Thanks to their frenzied live reputation and four spellbinding albums under their belts – the most recent being 2017’s delectable Plum – Wand’s cult following has earned the Californian quintet a devoted fan base that’s utterly infatuated with their sound. Those lucky enough to also catch the band during Golem’s 2015 promo tour will have immediately clocked that despite the venue remaining the same, tonight there is indeed changes; the addition of vocalist/synth-player Sofia Arreguin has slowly transitioned Wand from their doom-rock, Ganglion Reef roots into more psychedelic territory.

The Sabbath-style guitar twangs of instrumental opener ‘High Rise’ instantly hit the crowd with that notoriously mesmerising sound.

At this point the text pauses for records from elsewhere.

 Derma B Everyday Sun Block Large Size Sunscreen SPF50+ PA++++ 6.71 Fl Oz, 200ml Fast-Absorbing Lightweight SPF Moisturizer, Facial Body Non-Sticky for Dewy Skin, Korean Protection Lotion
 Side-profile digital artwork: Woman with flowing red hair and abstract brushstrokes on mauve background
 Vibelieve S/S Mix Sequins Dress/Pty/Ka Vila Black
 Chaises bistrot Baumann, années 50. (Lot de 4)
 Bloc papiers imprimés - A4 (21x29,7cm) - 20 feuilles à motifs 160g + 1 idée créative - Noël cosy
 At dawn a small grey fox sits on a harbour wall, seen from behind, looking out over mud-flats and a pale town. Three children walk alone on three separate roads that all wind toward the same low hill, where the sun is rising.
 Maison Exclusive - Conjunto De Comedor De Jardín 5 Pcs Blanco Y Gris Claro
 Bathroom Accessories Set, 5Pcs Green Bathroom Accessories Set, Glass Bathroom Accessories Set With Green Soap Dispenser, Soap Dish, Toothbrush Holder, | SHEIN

Evan Burrows’ drums sync faultlessly with Lee Landey’s deep bass riffs, fusing together to provide a stomping number that bursts with attitude.

The additional piano chords in ‘1000 days’ create something truly melodic, with Arreguin’s backing vocals giving Hanson’s country-like chords an undeniable boost. Latest single ‘Bee Karma’ calls for some severe mass-crowd participation as the escalating riff – faintly reminiscent of Pablo Honey-era Radiohead – does well to excite.

There’s little room for old material when newer tracks are embraced, with ‘Blue Cloud’ and ‘Charles de Gaulle’ allowing Robert Cody to work his magic on the guitar – but it’s ‘Floating Head’ and ‘Flying Golem’ that enable Wand to sound their absolute fullest, two numbers that offer a rare glimpse of those earlier – and albeit, heaver – days. Their energy is constantly on the cusp of breaking out, held back by Hanson’s reverb-laden whispers, but the fiercer the five, the more ecstatic the crowd become.

As Wand wrap up with crooning killer ‘Melted Rope’ that’s arguably their best song to date, it’s evident that Hanson and co have worked tirelessly to broaden their artistic horzions and push their boundaries to the limit. It’s a sad site to watch them depart from the stage – but there’s no doubt that every person in the room is already waiting impatiently for their return.